Ao final, o presidente Rodrigo Maia já puxou para a Câmara duas novas reformas: a tributária e a reorganização do serviço público, mantendo o protagonismo na reforma do Estado brasileiro
Há muito tempo não se viam deputados federais tendo o entendimento de que participavam de um momento histórico, sem receio de assumir suas posições.
O presidente da Câmara, deputado Rodrigo Maia, foi feliz ao definir as relações equilibradas entre o Legislativo e o Executivo como necessárias para uma democracia forte, chamando a atenção de que investidores, além das questões fiscais controladas, que indicam futuro mais seguro para seus investimentos, também olham para a qualidade da democracia praticada no país.
Raramente se viu no plenário da Câmara uma concordância tamanha. Todos eram favoráveis a uma reforma da Previdência. Um avanço diante da posição de anos atrás, quando muitos insistiam em que não havia déficit no sistema.
O que a oposição alegou é que esta reforma não era a correta para o país. Houve também outra aproximação de posições, no sentido de admitir, com maior ou menor ênfase, que a reforma impõe um sacrifício à população.

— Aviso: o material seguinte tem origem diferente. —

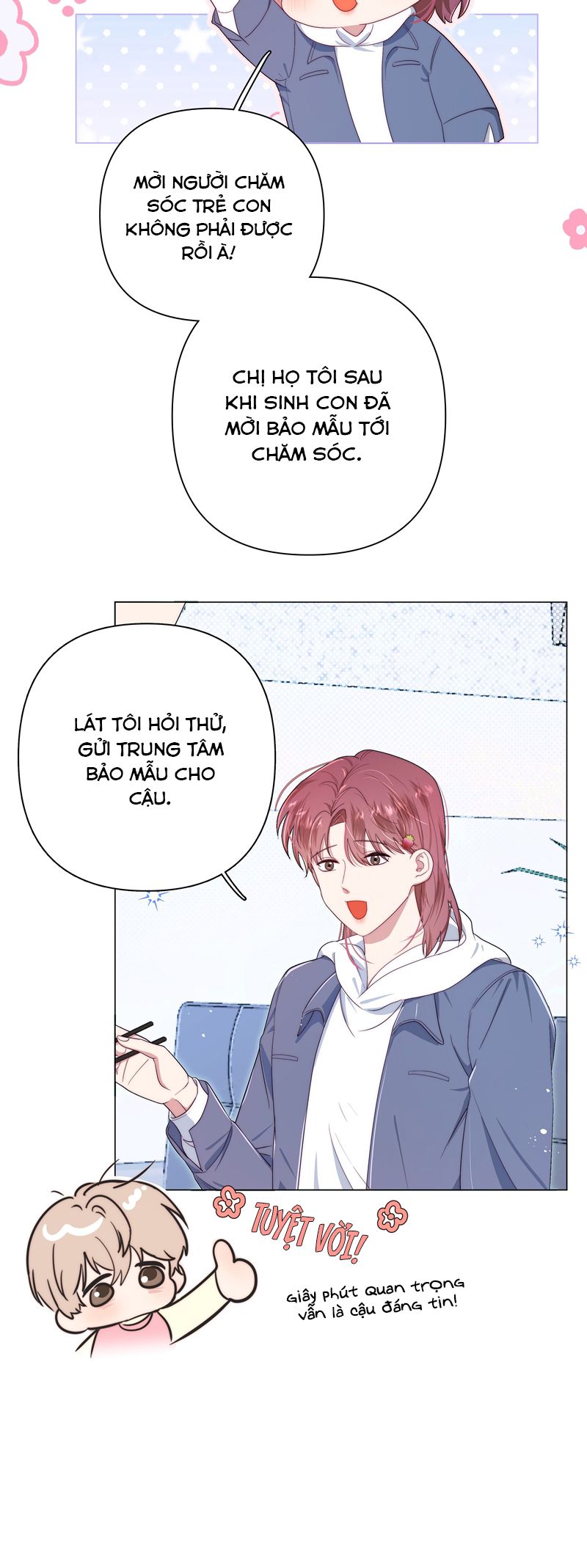 Sống Chung Cùng Kẻ Địch Trời Sinh Chapter 1 - Trang 4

O dissenso ficou por conta da visão política de cada um, a oposição batendo na tecla de que os menos favorecidos serão atingidos. Os favoráveis à reforma, e não apenas os deputados governistas, defendendo a tese de que ela ataca os privilégios do atual sistema previdenciário.
Outra unanimidade ontem na Câmara foi a bandeira nacional. Trazida ao plenário pelos favoráveis à reforma, foi também abraçada pela oposição, cada grupo ideológico transformando-a em um símbolo de sua luta.
Nossa bandeira jamais será vermelha, gritaram líderes de partidos do centro-direita e liberais. A bandeira nacional não pode ser usada contra os mais pobres, devolveram os líderes da oposição.
A deputada Jandira Fegalli, do PC do B, chegou a dizer que era líder da minoria dentro da Câmara, mas que a oposição representava a maioria do povo brasileiro. Não foi isso o que as urnas mostraram nas últimas eleições, mesmo que o governo não tenha conseguido montar uma base parlamentar.
A maioria do plenário formou-se em torno não do governo, que não tem base majoritária, mas a favor de uma visão liberal da economia. A tendência conservadora da maioria dos eleitos para a Câmara parecia favorecer a criação de uma base parlamentar sólida, mas a negociação política foi conduzida de maneira desastrada pelo novo governo.
A definição de um relacionamento não promíscuo com o Congresso foi um ponto positivo do governo Bolsonaro. Até mesmo a liberação das emendas parlamentares e de bancadas às vésperas da votação é do jogo democrático, pois os parlamentares vivem do que podem beneficiar suas bases eleitorais.
O que não é admissível é compra de votos por baixo do pano, através da corrupção, como vinha acontecendo desde o mensalão, chegando ao petrolão.
Mas Bolsonaro não entendeu que a falta de promiscuidade não significa, por si só, um tratamento republicano. O novo Palácio do Planalto não conseguiu manter um relacionamento profícuo com o Congresso, e gerou uma disputa de poder que foi prejudicial à democracia brasileira.
A reforma só saiu porque a Câmara foi convencida da sua necessidade, mesmo que potencialmente impopular, e decidiu encarar o desafio. À medida que as discussões foram se desenrolando, a opinião pública foi também evoluindo no entendimento dessa necessidade.
A tal ponto que ontem muitos deputados de diversos partidos fizeram questão de aparecer em conjunto na tribuna do plenário. Um ambiente hostil à reforma da Previdência transformou-se em favorável ao longo do debate, e pesquisas de opinião mostram que a maioria já a apóia.
Sem dúvida o presidente da Câmara, deputado Rodrigo Maia, foi o grande artífice da união em torno do substitutivo aprovado na Comissão Especial. E pelo ambiente tranqüilo em que transcorreu a votação, já que tem uma relação muito boa com os partidos de oposição – chegou a brincar dizendo que o DEM poderia apoiar o deputado Marcelo Freixo para a prefeitura do Rio – e conseguiu manter o plenário em desarmonia controlada.